If one were inclined to try to run "combustion in reverse" on a grand scale, to turn CO2 back into carbon and oxygen, the Bosch reaction seems a far more practical way to get there.

https://en.wikipedia.org/wiki/Bosch_reaction

It runs at hundreds instead of thousands of degrees. The iron catalyst is cheap and abundant. The only required inputs are carbon dioxide and hydrogen. Since the reaction is thermodynamically spontaneous, the input gases can be produced from the cheapest available clean electricity (intermittent or otherwise) and stored in tank buffers.

CO2-to-graphite via the Bosch process would still be a project of breathtaking scale that would cost trillions of dollars. So it won't happen. But building a proof-of-concept would be affordable and straightforward, which is more than I can say for this nuclear-thermal decomposition proposal.


The cost of capturing CO2 could be as low as $94 per ton using aqueous KOH sorbent coupled to a calcium caustic recovery loop.

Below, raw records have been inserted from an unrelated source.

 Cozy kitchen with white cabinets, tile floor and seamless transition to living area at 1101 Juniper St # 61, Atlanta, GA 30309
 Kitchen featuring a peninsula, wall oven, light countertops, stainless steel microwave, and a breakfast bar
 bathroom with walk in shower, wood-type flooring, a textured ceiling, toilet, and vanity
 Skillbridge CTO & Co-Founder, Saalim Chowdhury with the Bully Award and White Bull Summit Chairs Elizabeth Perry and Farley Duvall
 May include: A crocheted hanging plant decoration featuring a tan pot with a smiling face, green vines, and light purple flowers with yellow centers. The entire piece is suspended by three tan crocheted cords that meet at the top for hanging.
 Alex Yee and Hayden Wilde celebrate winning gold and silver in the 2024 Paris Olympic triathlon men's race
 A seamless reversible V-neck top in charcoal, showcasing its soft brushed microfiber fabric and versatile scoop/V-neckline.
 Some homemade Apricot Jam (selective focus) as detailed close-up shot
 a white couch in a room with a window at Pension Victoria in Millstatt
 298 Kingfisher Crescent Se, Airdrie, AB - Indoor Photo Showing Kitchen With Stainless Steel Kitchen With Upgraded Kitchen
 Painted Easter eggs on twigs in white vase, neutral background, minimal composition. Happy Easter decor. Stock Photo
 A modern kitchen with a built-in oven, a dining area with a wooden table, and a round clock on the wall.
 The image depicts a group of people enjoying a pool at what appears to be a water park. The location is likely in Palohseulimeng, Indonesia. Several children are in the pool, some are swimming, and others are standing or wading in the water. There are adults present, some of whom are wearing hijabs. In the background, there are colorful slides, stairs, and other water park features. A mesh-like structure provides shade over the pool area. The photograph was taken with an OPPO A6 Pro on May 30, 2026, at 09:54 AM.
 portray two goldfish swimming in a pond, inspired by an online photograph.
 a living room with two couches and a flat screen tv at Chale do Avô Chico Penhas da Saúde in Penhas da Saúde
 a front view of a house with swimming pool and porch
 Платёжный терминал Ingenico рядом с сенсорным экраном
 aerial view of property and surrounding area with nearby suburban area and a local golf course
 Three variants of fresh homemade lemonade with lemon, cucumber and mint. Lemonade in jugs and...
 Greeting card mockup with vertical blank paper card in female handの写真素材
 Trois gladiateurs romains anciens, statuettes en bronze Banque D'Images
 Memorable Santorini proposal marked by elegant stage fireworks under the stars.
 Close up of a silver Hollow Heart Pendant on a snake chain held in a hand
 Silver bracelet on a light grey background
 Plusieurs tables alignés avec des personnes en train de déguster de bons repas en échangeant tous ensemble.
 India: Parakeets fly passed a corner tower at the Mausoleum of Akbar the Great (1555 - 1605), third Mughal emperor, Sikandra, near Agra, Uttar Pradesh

https://www.cell.com/joule/fulltext/S2542-4351(18)30225-3


This would only add a dollar per gallon to the cost of petrol fuel at that capture cost.


I concur. May i introduce

https://en.wikipedia.org/wiki/AVR_reactor

and

https://en.wikipedia.org/wiki/THTR-300

both pebble-bed reactors, where the first is some sort of superfund site, and the second tried to release some dust directly after chernobyl but got cought doing so.

OTOH China really seems to sample a bit of every tech it get

https://en.wikipedia.org/wiki/HTR-PM

allegedly they use better fuel elements which are structured like a pomegrenade internally.


For a moment I wondered if the article was suggesting actually piping air through the reactor core - the accident at the Windscale plant in the UK demonstrating why that's maybe not such a great idea.


I feel like nuclear is the only (realistic) option we really have that'll help us navigate the gap between our current, and a more sustainable, less pollutant form of energy use.

It's a shame there's such a fear of it. I really think that most if not all energy efforts should be invested into nuclear immediately. That'll help buy us the time we need to get to sustainable renewables, or push us to master nuclear to the point that energy traded off against safety is no longer a concern.


It's probably too late for a full-on nuclear rollout. We need to reduce global carbon emissions really quickly, at least 5% (18%) per year starting right now [1,2] if we want a chance of staying below 2° (1.5°). Building nuclear power plants takes years even at the current rate of construction, if were to replace all fossil fuel by nuclear over the next fifteen to twenty years we would definitely run into capacity constraints, for example for manufacturing pressure vessels, or just having enough qualified personnel to build and run the things.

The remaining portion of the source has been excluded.